Che Guevara, Sénégal, indépendance et Afrique

(Dakar, le 8 octobre 2022) On dit que dans la chaleur de ces premières années de l'indépendance sénégalaise, les échos de la Révolution cubaine ont atteint l'Afrique avec des idéaux de liberté, d'égalité et de fraternité. Sa force a dépassé même les paradigmes hérités de la Révolution française de 1789. On entendait parler de Cuba, de Fidel, d'une île dont l'exemple allait évoluer jusqu'à atteindre des niveaux impensables, et d'un Argentin courageux qui avait rejoint la cause au Mexique, était arrivé avec le Granma, et avait dirigé en tant que commandant l'une des unités qui avaient le plus d'impact sur le triomphe du 1er janvier 1959.

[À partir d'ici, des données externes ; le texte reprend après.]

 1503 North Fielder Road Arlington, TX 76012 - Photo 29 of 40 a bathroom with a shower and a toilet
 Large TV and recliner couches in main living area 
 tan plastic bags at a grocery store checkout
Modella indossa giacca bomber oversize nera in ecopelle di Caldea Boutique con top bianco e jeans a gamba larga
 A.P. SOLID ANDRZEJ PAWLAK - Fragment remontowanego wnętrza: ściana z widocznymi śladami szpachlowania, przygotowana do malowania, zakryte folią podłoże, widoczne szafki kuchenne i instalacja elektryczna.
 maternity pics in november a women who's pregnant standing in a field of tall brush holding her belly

Le Sénégal est libre en 1960 et lorsque, cinq ans plus tard, Ernesto Guevara fait ses adieux à Fidel dans la lettre mémorable lue en public le 3 octobre, son nom entame la transition vers le mythe. Comme le disent les plus anciens : "Nous avons appris à chanter Hasta Siempre Comandante, en espagnol parfait. Ce n'était pas les Beatles, ni les Rolling Stones. C'était Carlos Puebla", dit le septuagénaire M. Badará, en entonnant un fragment de "Ici demeure la transparence claire et attachante de votre présence bien-aimée, le Comandante Che Guevara".

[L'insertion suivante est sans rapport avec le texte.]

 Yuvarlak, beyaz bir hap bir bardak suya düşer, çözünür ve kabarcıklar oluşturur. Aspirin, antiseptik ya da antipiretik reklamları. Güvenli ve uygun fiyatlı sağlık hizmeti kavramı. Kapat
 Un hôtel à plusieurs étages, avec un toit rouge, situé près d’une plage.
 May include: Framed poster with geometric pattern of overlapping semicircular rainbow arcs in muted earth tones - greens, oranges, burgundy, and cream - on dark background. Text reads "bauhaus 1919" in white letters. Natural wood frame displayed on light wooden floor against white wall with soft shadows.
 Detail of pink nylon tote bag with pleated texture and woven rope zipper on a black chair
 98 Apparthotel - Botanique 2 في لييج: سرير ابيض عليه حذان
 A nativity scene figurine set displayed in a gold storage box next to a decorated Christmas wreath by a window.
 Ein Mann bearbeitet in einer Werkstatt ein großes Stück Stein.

Le jour fatal d'octobre 1967 à La Higuera, en Bolivie, ces mêmes jeunes Sénégalais ont pleuré en silence. Les musulmans, dans leur grande majorité, ont pleuré la mort d'un guerrier qui, à bien des égards, entrait dans l'éternité et qui, deux ans auparavant seulement, avait tenté de renverser la situation au Congo.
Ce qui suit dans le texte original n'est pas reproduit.